→ Work instruction:
For this exercise, the lines from the one with "NICE-POWER DC Power" through the final line of the data below are to be transcribed exactly, and pictures are to be skipped.

:: Records for processing

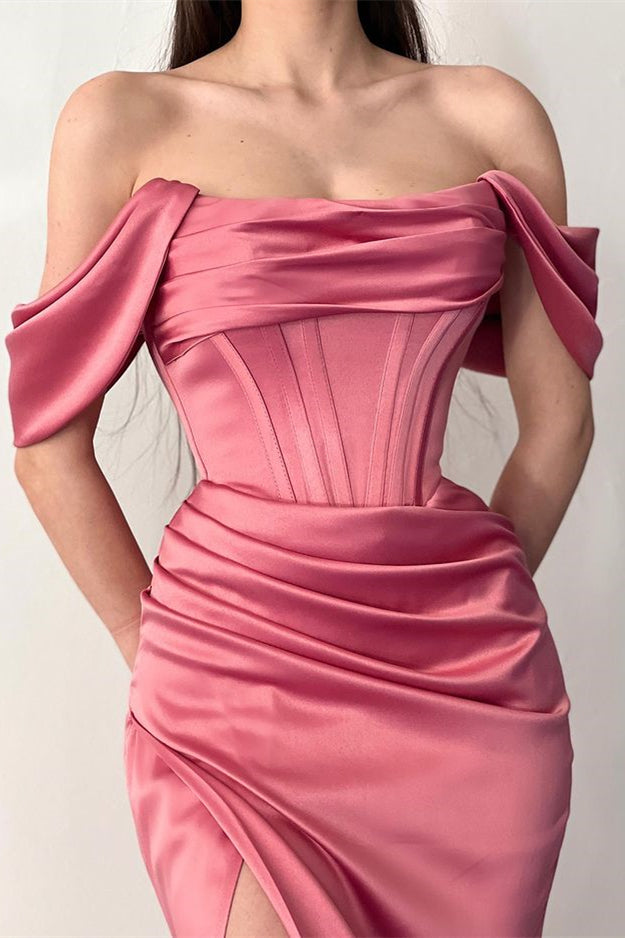 Off-The-Shoulder Dusty Rose Pleated Prom Dress Mermaid Split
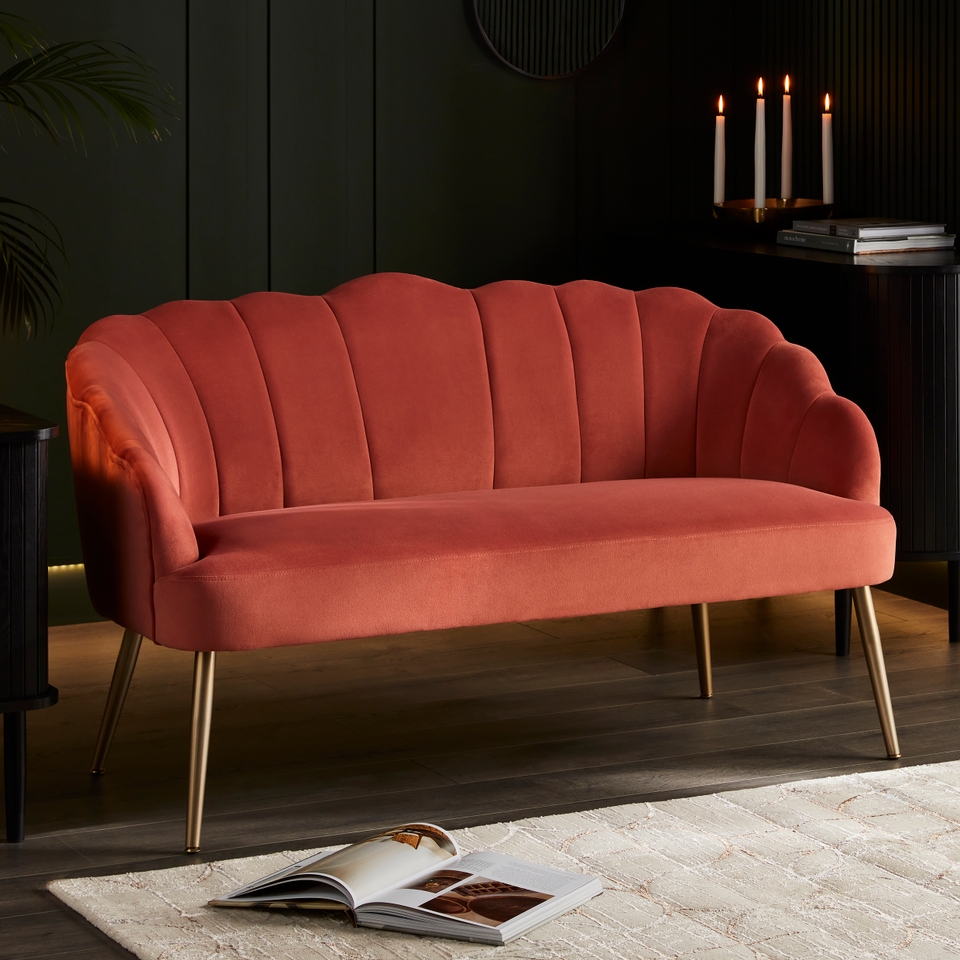 Sophia Scallop Occasional Sofa - Matte Pink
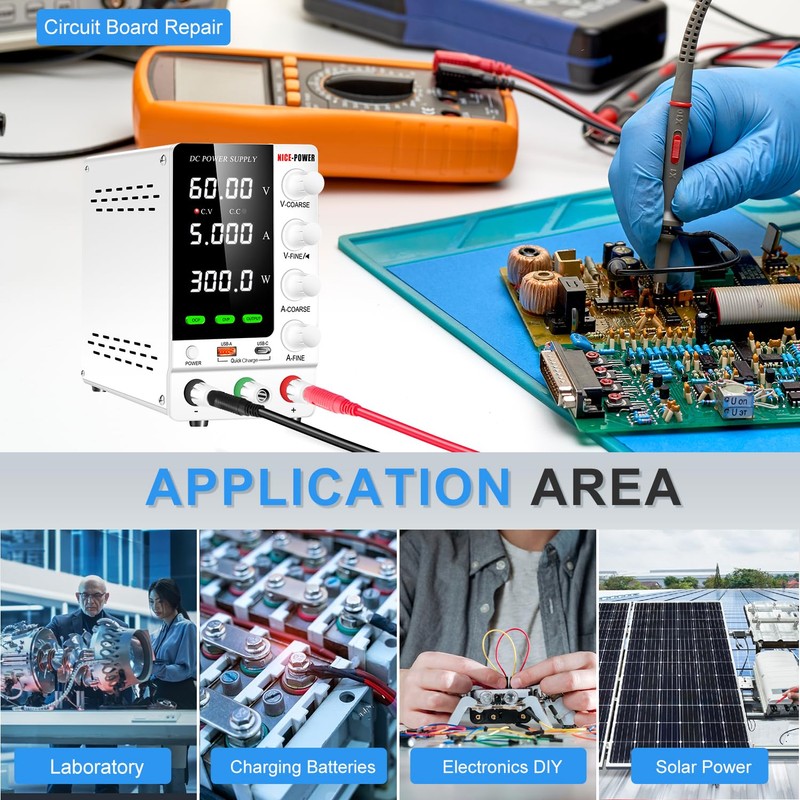 NICE-POWER DC Power Supply Variable 60V 5A, Adjustable Regulated DC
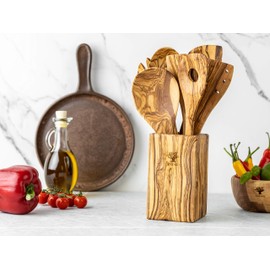 SOLTAKO Olive Wood Cutlery Holder for Kitchen Utensils Holder Wooden Cutlery Stand 15 x 9 x 9 cm (H x W x L)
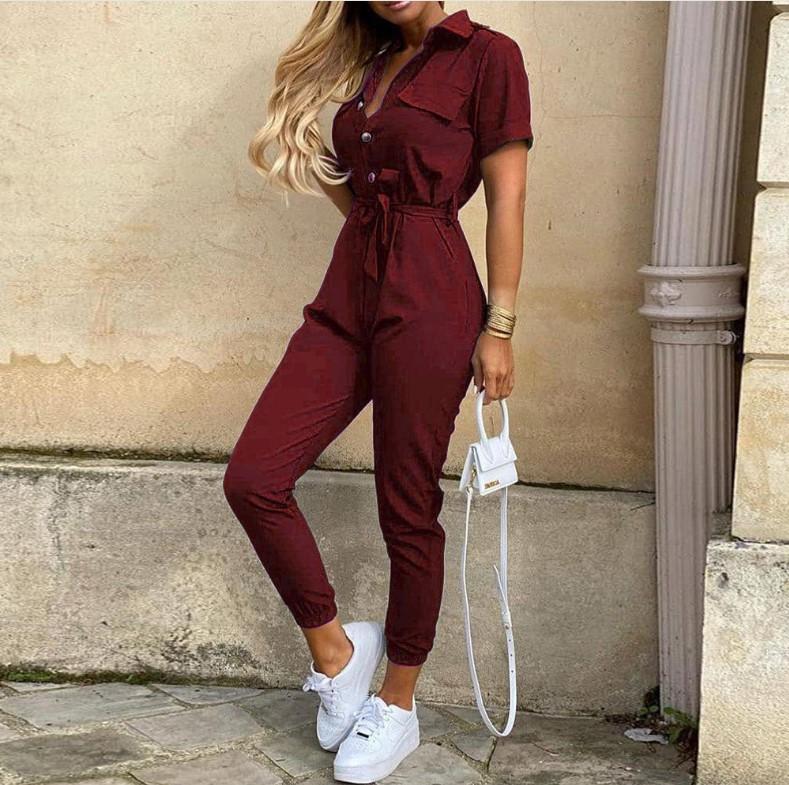 Spot 2026 spring and summer popular European and American women's clothing casual lapel printed belt tooling jumpsuit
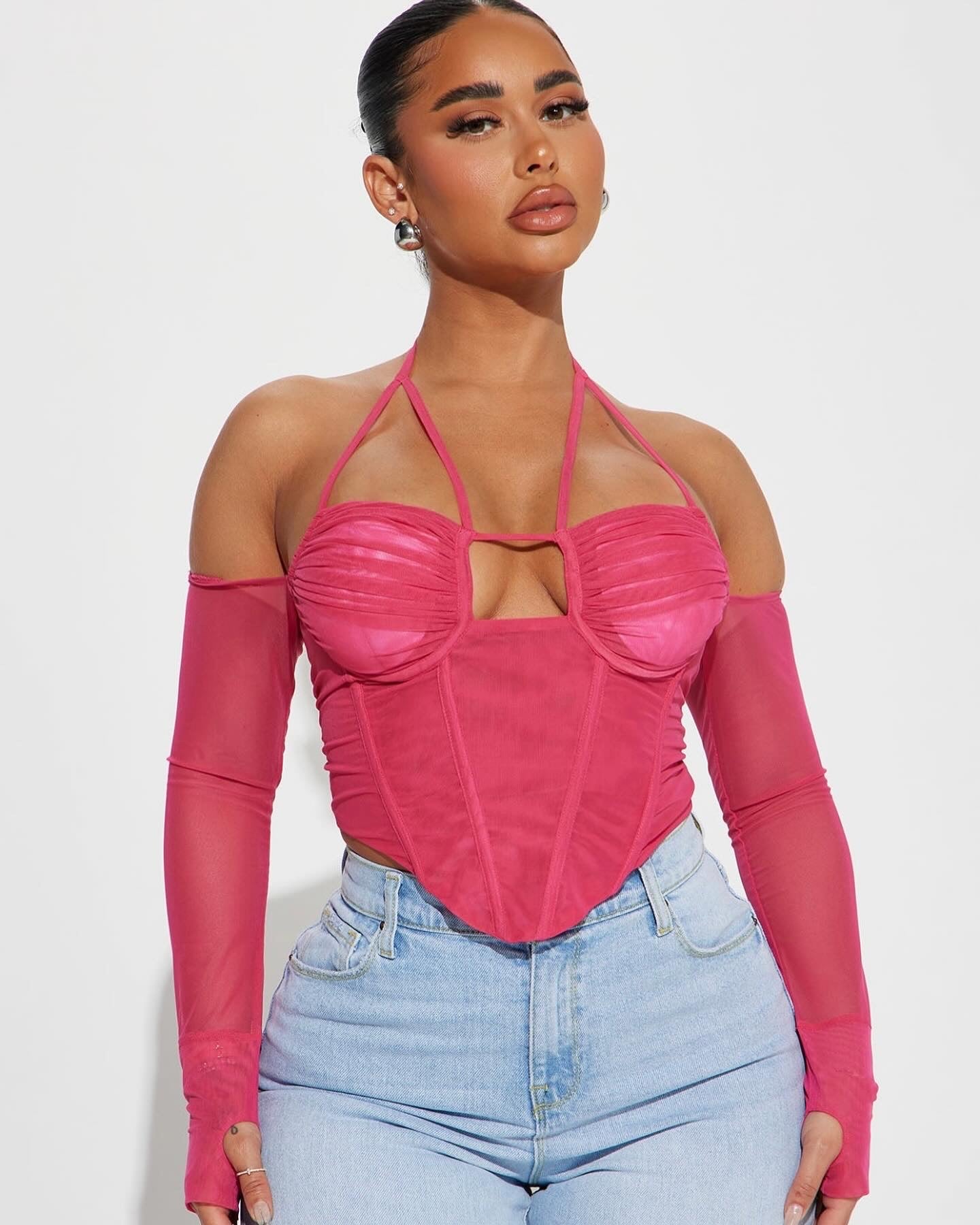 Mesh corset top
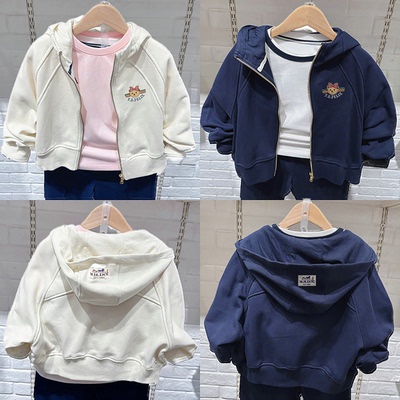 春季新款围尼小熊女童毛圈棉连帽拉链开衫外套纯棉验货品质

::::

→ Output of the exercise:
 NICE-POWER DC Power Supply Variable 60V 5A, Adjustable Regulated DC
 SOLTAKO Olive Wood Cutlery Holder for Kitchen Utensils Holder Wooden Cutlery Stand 15 x 9 x 9 cm (H x W x L)
 Spot 2026 spring and summer popular European and American women's clothing casual lapel printed belt tooling jumpsuit
 Mesh corset top
 春季新款围尼小熊女童毛圈棉连帽拉链开衫外套纯棉验货品质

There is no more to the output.